WGBH-MLA / ams

Archival Management System to support the American Archive of Public Broadcasting
GNU General Public License v3.0
5 stars 8 forks source link

KNME descriptions missing #919

Closed ekemeyer closed 1 month ago

ekemeyer commented 1 month ago

Miranda identified around 3.5K assets that had lost their descriptions and other relevant data during the migration, mostly in the NM collection. Most descriptions are still in AAPB, so that pbcore will need to be brought down and mapped to an update spreadsheet for ingest into AMS2.

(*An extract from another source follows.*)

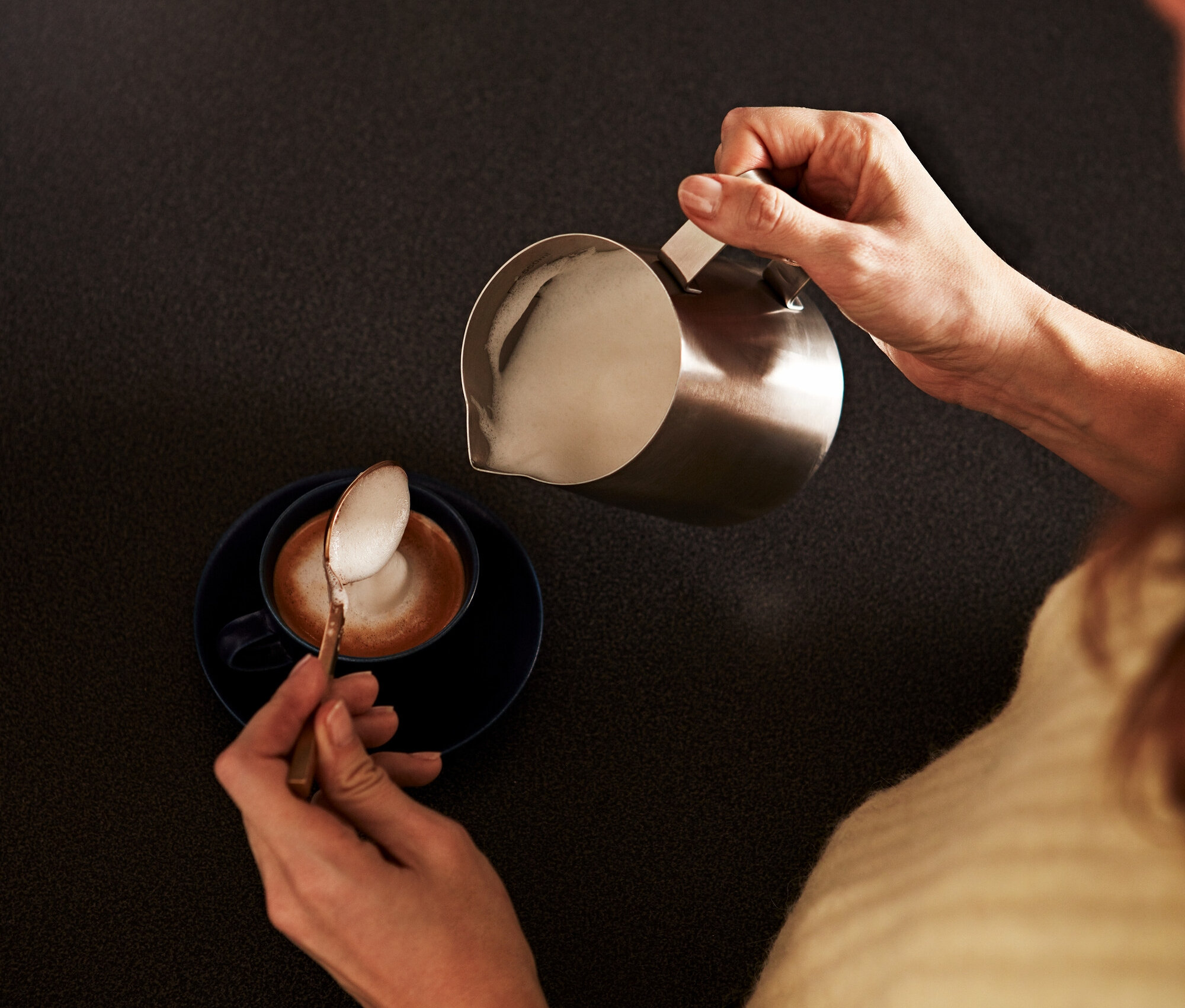 Une femme verse du lait mousseux d'un petit pichet à lait en acier inoxydable dans une tasse de café et ramasse de la mousse avec une cuillère.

Some descriptions are also missing from AAPB, but are accurate in AMS2-demo (see example here: https://ams2-demo.wgbh-mla.org/concern/asset_resources/cpb-aacip-191-00ns1rrc). The second step for this ticket will be to pull that data down and generate a second spreadsheet to update AMS2.

some details: These are the pbcore fields missing data and their mapping to ingester csv.

fields = {
    'Asset.asset_types': ".//pbcore:pbcoreAssetType",
    'Asset.producing_organization': ".//pbcore:pbcoreCreator/pbcore:creator",
    'Asset.local_identifier': ".//pbcore:pbcoreIdentifier[@source='Local Identifier']",
    'Asset.aacip_identifier': ".//pbcore:pbcoreIdentifier[@source='http://americanarchiveinventory.org']",
    'Asset.genre': ".//pbcore:pbcoreGenre[@source='AAPB Format Genre']"
}

#Specific fields mapping based on their type attributes
title_type_mapping = {
    'Series': 'Asset.series_title',
    'Program': 'Asset.program_title',
    'Episode': 'Asset.episode_title',
    'Promo': 'Asset.promo_title'
}

date_type_mapping = {
    'Broadcast': 'Asset.broadcast_date',
    'Created': 'Asset.created_date',
    'Copyright': 'Asset.copyright_date'
}

description_type_mapping = {
    'Series': 'Asset.series_description',
    'Program': 'Asset.program_description',
    'Episode': 'Asset.episode_description',
    'Promo': 'Asset.promo_description'
ekemeyer commented 1 month ago

nm_URLS.txt

ekemeyer commented 1 month ago
ekemeyer commented 1 month ago

This is complete after a couple of iterations - AMS2-Demo, AAPB and AMS2 all had varying amounts of description metadata. Raw footage description was left out accidentally in the first round, so a second round of ingests had to happen to include those. I can't confirm it is 100% accurate, but AMS2 should now have all the descriptions that had previously existed in AAPB and/or AMS2-Demo.